* YOUR INSTRUCTIONS *
Can you set down, exactly as they appear below, the lines from the opening of the material through the one bearing "Composizione Astratta Geometrica", minus the pictures?

* SOURCE INFORMATION *
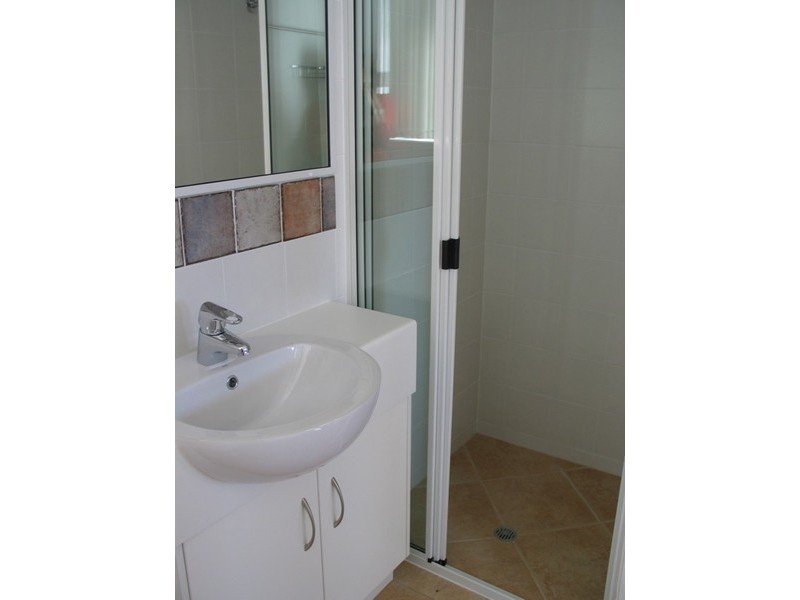 8 Poinciana Street, Newtown QLD 4350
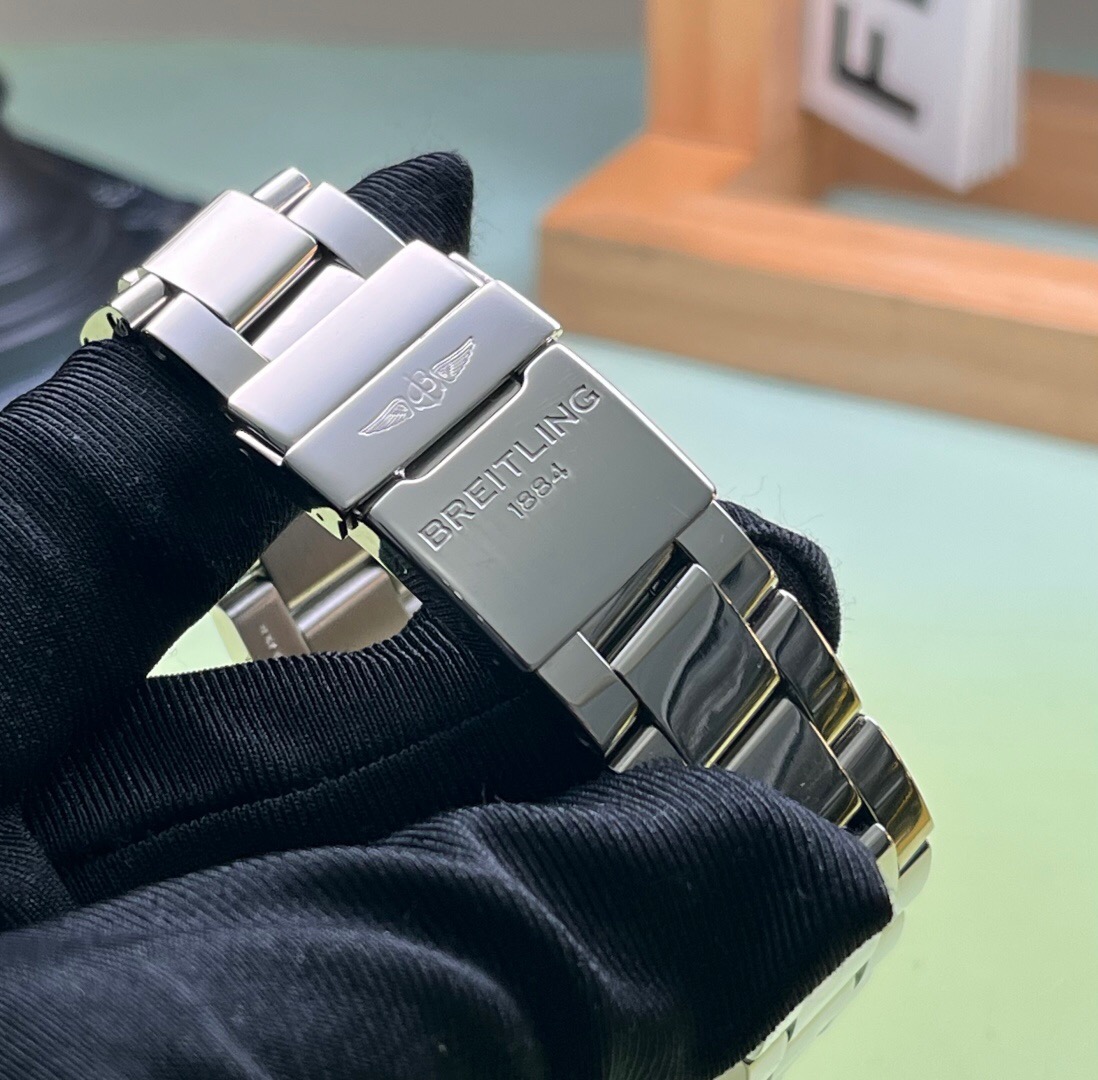 Breitling A13311C91B1A1 detail 5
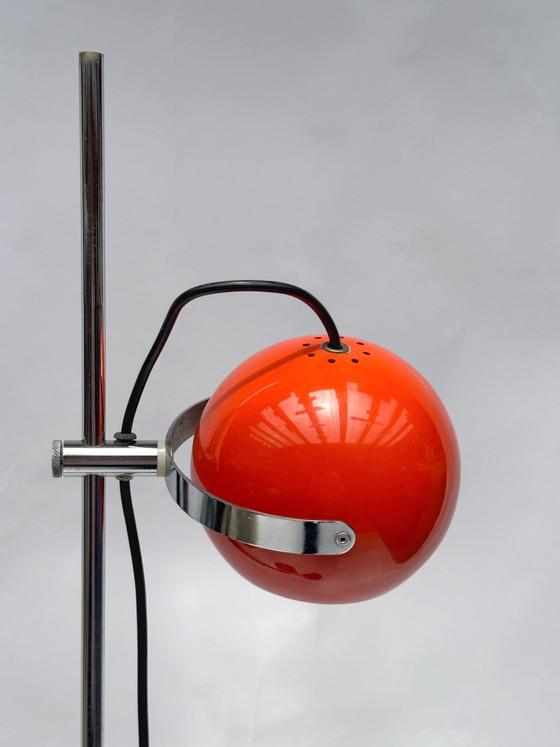 Image 1 of Vintage Space Age Oogbol Vloerlamp | Anvia Almelo | Oranje Nederlands Design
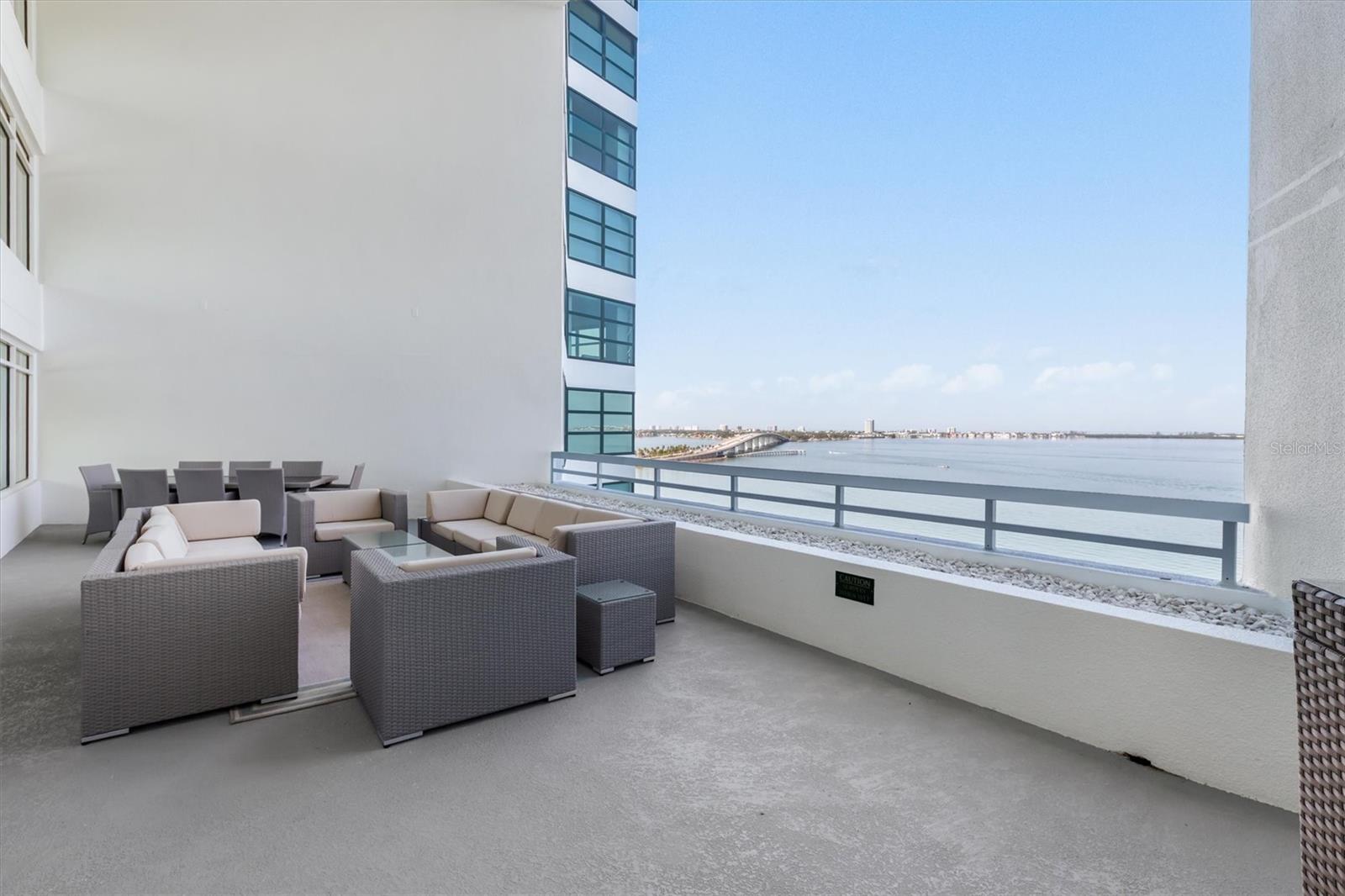 988 BLVD OF THE ARTS #1415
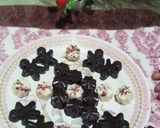 टेड्डी बेयर एंड फ्लावर शेप चॉकलेट (teddy bear and flower shaped chocolate recipe in Hindi) रेसिपी चरण 1 फोटो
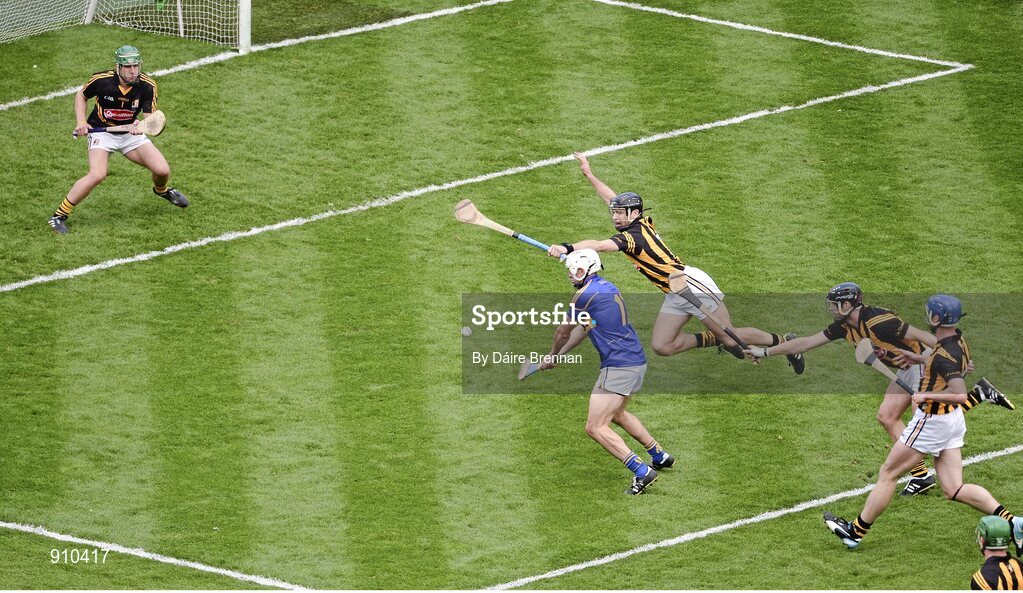 7 September 2014; Patrick Maher, Tipperary, scores his side's first goal past Kilkenny goalkeeper Eoin Murphy. GAA Hurling All Ireland Senior Championship Final, Kilkenny v Tipperary. Croke Park, Dublin. Picture credit: Dáire Brennan / SPORTSFILE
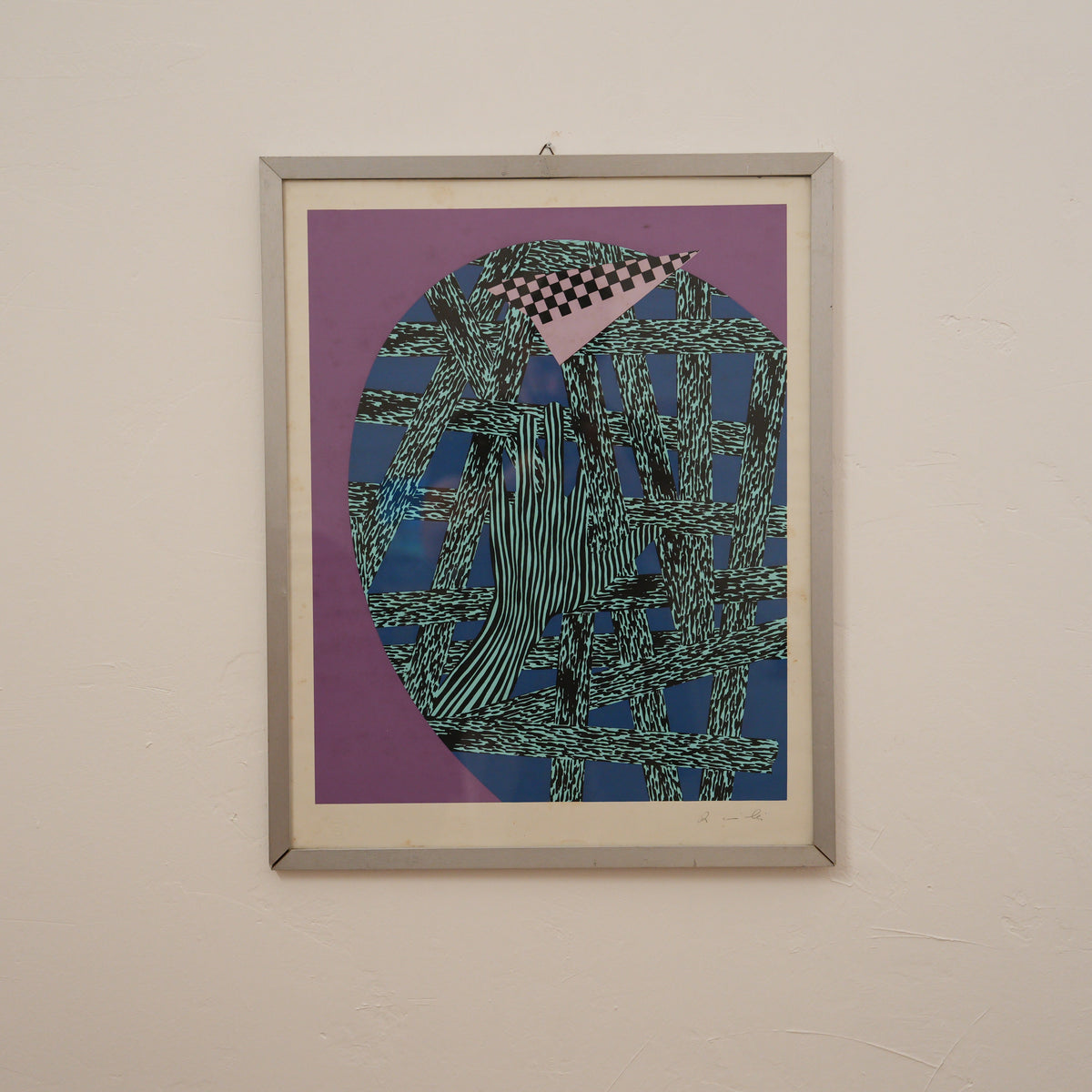 Composizione Astratta Geometrica in Viola, Blu e Turchese – Stampa Firmata, Cornice in Alluminio, 65 x 52 cm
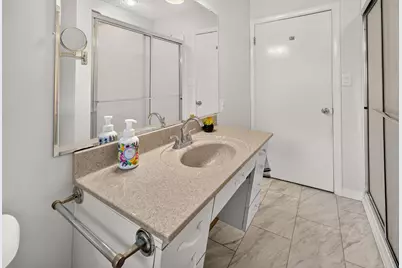136 Grove Street, Lewiston, ME 04240 - Photo 19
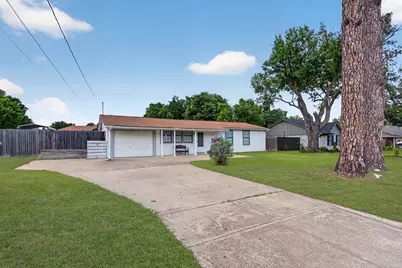 7701 Buck Street, North Richland Hills, TX 76182 - Photo 1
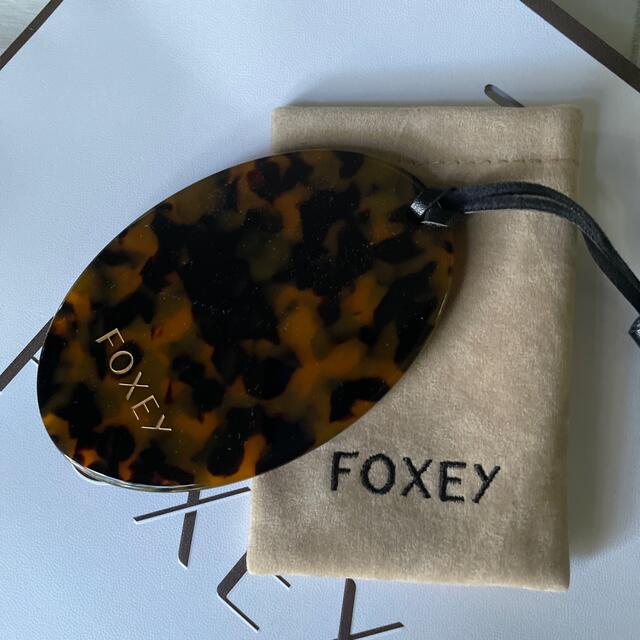 FOXEY(フォクシー)のfoxey フォクシー　最新ノベルティ　手鏡　タッセルミラー レディースのファッション小物(その他)の商品写真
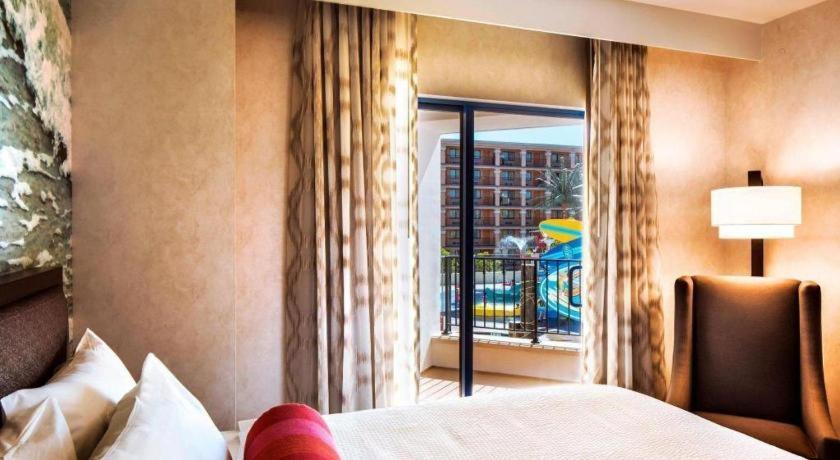 Courtyard Anaheim Theme Park Entrance Hotel Ngoại thất bức ảnh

* SOLUTION FOR THIS EXERCISE *
 8 Poinciana Street, Newtown QLD 4350
 Breitling A13311C91B1A1 detail 5
 Image 1 of Vintage Space Age Oogbol Vloerlamp | Anvia Almelo | Oranje Nederlands Design
 988 BLVD OF THE ARTS #1415
 टेड्डी बेयर एंड फ्लावर शेप चॉकलेट (teddy bear and flower shaped chocolate recipe in Hindi) रेसिपी चरण 1 फोटो
 7 September 2014; Patrick Maher, Tipperary, scores his side's first goal past Kilkenny goalkeeper Eoin Murphy. GAA Hurling All Ireland Senior Championship Final, Kilkenny v Tipperary. Croke Park, Dublin. Picture credit: Dáire Brennan / SPORTSFILE
 Composizione Astratta Geometrica in Viola, Blu e Turchese – Stampa Firmata, Cornice in Alluminio, 65 x 52 cm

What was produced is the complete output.